* Work task *
Beginning at the line containing "VELOS SUR LE", repeat each line below exactly up to and including the line containing "54 Broadway Avenue, Tryon, NC 28782". Do not repeat the pictures.

* Dataset content *
* * * *

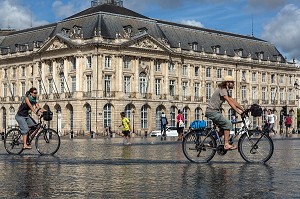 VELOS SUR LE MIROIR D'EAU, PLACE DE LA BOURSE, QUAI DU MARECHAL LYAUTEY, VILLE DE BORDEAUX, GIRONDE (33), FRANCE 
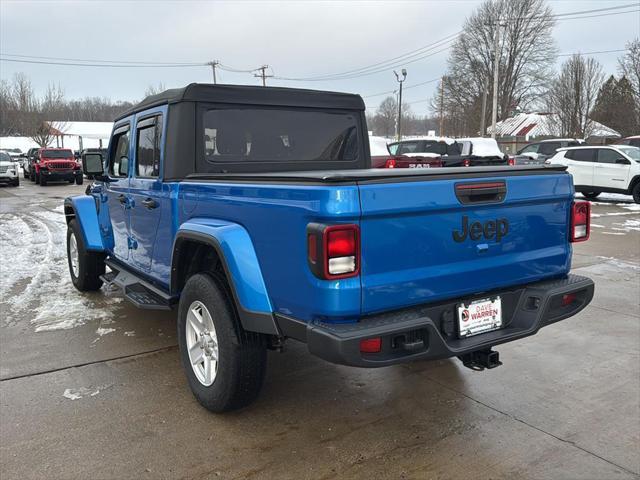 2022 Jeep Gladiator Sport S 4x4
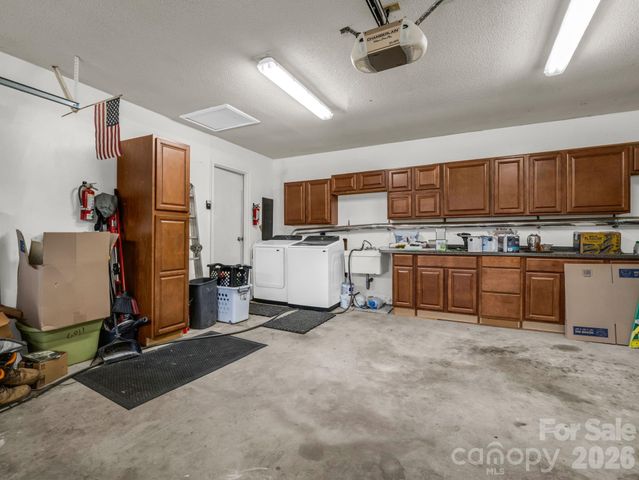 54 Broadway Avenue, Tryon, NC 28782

* * * *

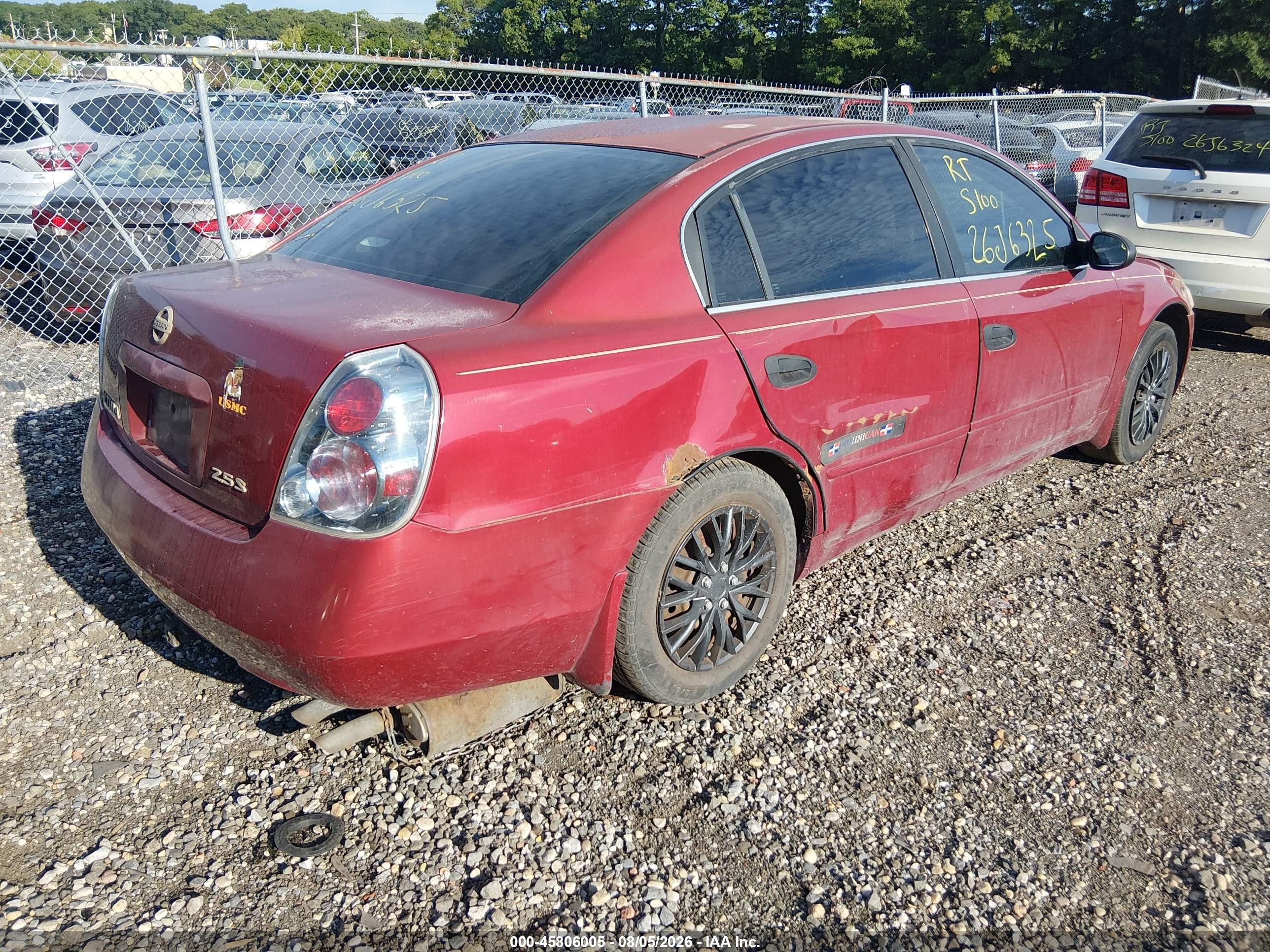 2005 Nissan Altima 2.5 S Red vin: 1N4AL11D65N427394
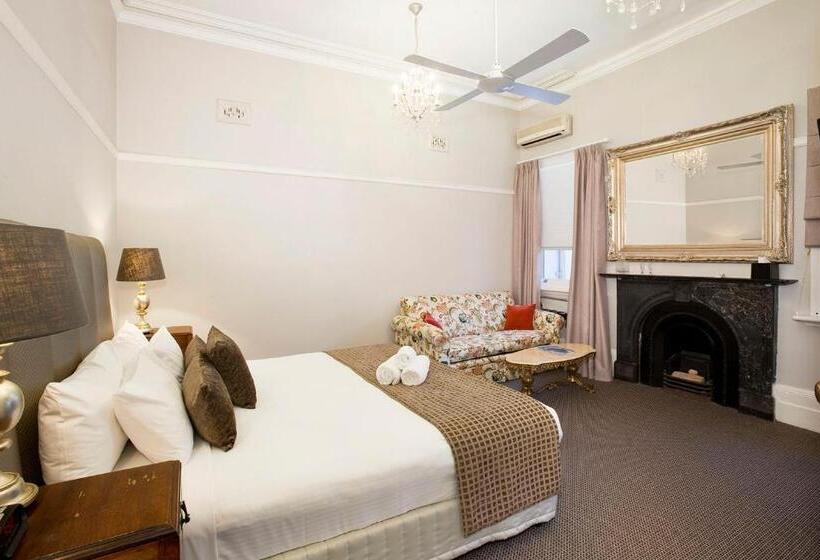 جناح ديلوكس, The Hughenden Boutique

* * * *

* Result for this task *
 VELOS SUR LE MIROIR D'EAU, PLACE DE LA BOURSE, QUAI DU MARECHAL LYAUTEY, VILLE DE BORDEAUX, GIRONDE (33), FRANCE 
 2022 Jeep Gladiator Sport S 4x4
 54 Broadway Avenue, Tryon, NC 28782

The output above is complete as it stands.